MLF (Music, Love, and Funk), one of the 22 Twin Cities soul artists featured on Purple Snow Courtesy of Numero Group
When Ken Shipley wants to find new music, he doesn't check Spotify or scour recent-release bins—he hits the road. Shipley is cofounder of Numero Group, a reissue label that releases everything from homemade soul to small-batch power-pop gems. It's all ferreted out with gumshoe cunning and saintly patience, and packaged with lavishly detailed liner notes. The big win for November: Purple Snow: Forecasting the Minneapolis Sound. More than two years in the making, Snow documents lesser-known R&B and funk acts from the late '70s and early '80s, back when Prince and the Time were putting the Twin Cities on the map.
A Typically ambitious Numero release: Syl Johnson's Complete Mythology
Numero Group has received three Grammy nominations and licensed hundreds of songs for film and television. Even with those bona fides, it still sometimes has trouble persuading musicians to open their personal vaults. "We're discovering music that doesn't want to be discovered," says Shipley, who's gone door to door checking on leads. "A lot of it is the demons of the past—people not wanting to reexamine failure."

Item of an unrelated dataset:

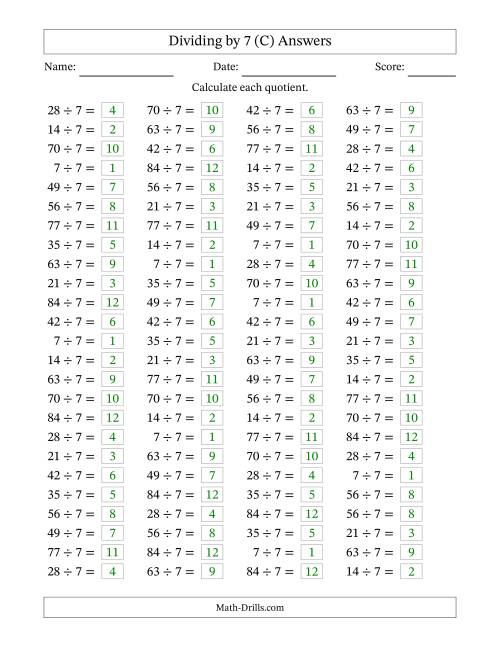 The Horizontally Arranged Dividing by 7 with Quotients 1 to 12 (100 Questions) (C) Math Worksheet Page 2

Still, the label's ceaseless sleuthing has resulted in several multidisc must-haves. And somehow the community of artists on Purple Snow—from major-label flirtations like Alexander O'Neal to obscure crooners like Orville Shannon—made this project a relatively easy task. "Every time we turned around, someone was turning us onto something else," Shipley says. If only it were always so easy.